Mr Hunt also tore into an Instragram post by European Council President Donald Tusk which has been widely seen as a dig at Mrs May.
The image of Mrs May and Mr Tusk was captioned "A piece of cake, perhaps? Sorry, no cherries” - an apparent jibe at British attempts to “cherry-pick” favourable elements of EU membership.
Pressed on the post, the Foreign Secretary said: “If we are going to work seriously towards a solution then we need to avoid revving up the situation, making it worse by appealing to audiences on social media and seriously and diligently working to a solution. And that’s what Theresa May wants to do - she has taken some big risks.”

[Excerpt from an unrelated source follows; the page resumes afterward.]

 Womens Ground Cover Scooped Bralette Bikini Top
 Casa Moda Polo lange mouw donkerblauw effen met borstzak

Mr Hunt meanwhile talked up the prospect of a no-deal Brexit, insisting that while leaving the bloc without an agreement would be “bumpy” and “difficult”, the UK would “find a way to survive and prosper as a country”.
He added: “We’ve had far bigger challenges in our history. But it’s not our desired outcome. And that’s why we want these negotiations to work. And that’s why we’re ask everyone in the spirit of politeness and decency all round to engage seriously so we can avoid that outcome.”

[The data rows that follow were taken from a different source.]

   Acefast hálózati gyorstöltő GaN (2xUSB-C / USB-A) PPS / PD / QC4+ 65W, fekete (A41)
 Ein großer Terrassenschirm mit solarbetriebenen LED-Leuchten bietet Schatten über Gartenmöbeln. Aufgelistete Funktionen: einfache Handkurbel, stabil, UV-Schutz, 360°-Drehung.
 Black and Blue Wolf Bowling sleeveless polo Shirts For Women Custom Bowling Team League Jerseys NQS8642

The intervention from the Foreign Secretary came as Mr Tusk sought to ease tensions with the UK, calling Mrs May a “close friend” and claiming a deal could still be done.
Once again describing her proposals as a "step in the right direction", the EU Council chief - who represents European leaders - said: "While understanding the logic of the negotiations, I remain convinced that a compromise, good for all, is still possible.”

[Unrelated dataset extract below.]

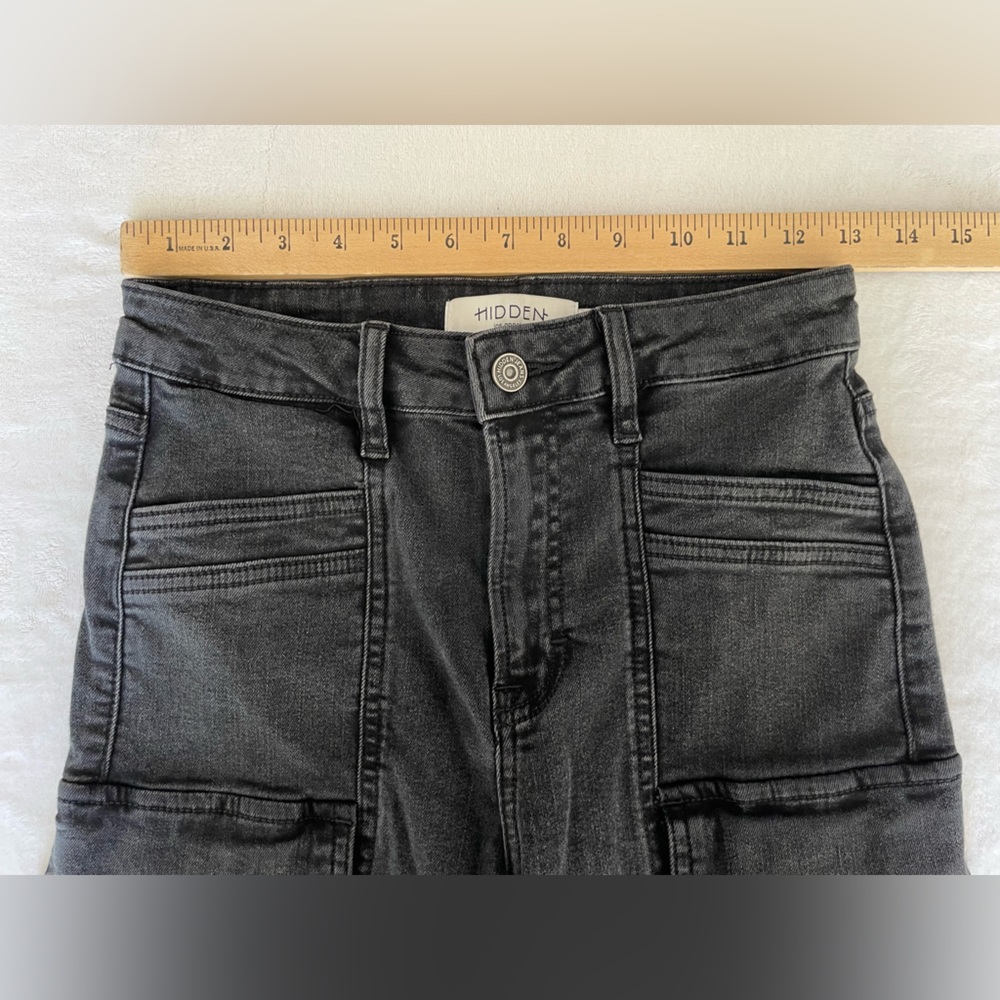 Hidden LA Tracey Cargo Jeans Black Faded High Rise Straight Leg - Picture 7 of 13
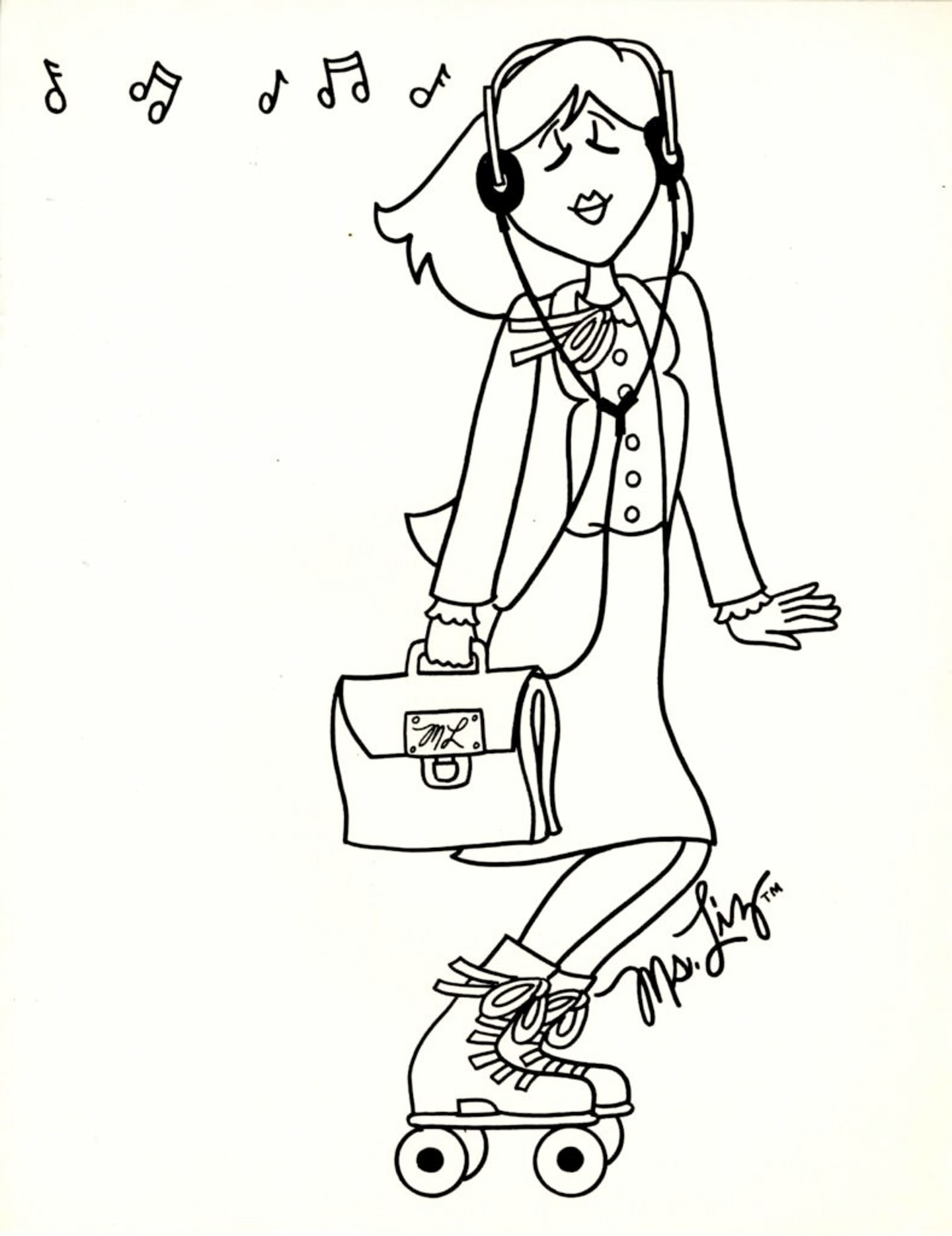 line drawing of woman skating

He added: "I say these words as a close friend of the UK and a true admirer of PM May."
Meanwhile, Mrs May could come under fresh domestic pressure to change course next week at a crunch meeting of her Cabinet.
According to the Telegraph, Cabinet ministers Esther McVey and Penny Mordaunt are considering a walkout if the Prime Minister does not present a ‘Plan B’ alternative to Chequers - which includes plans for a free-trade area for goods governed by a common rulebook with the EU - when ministers meet on Monday.
A source told the paper: “Monday is the crunch point. That’s when every Cabinet minister will have to look again and reassess like Boris [Johnson] and David Davis did.”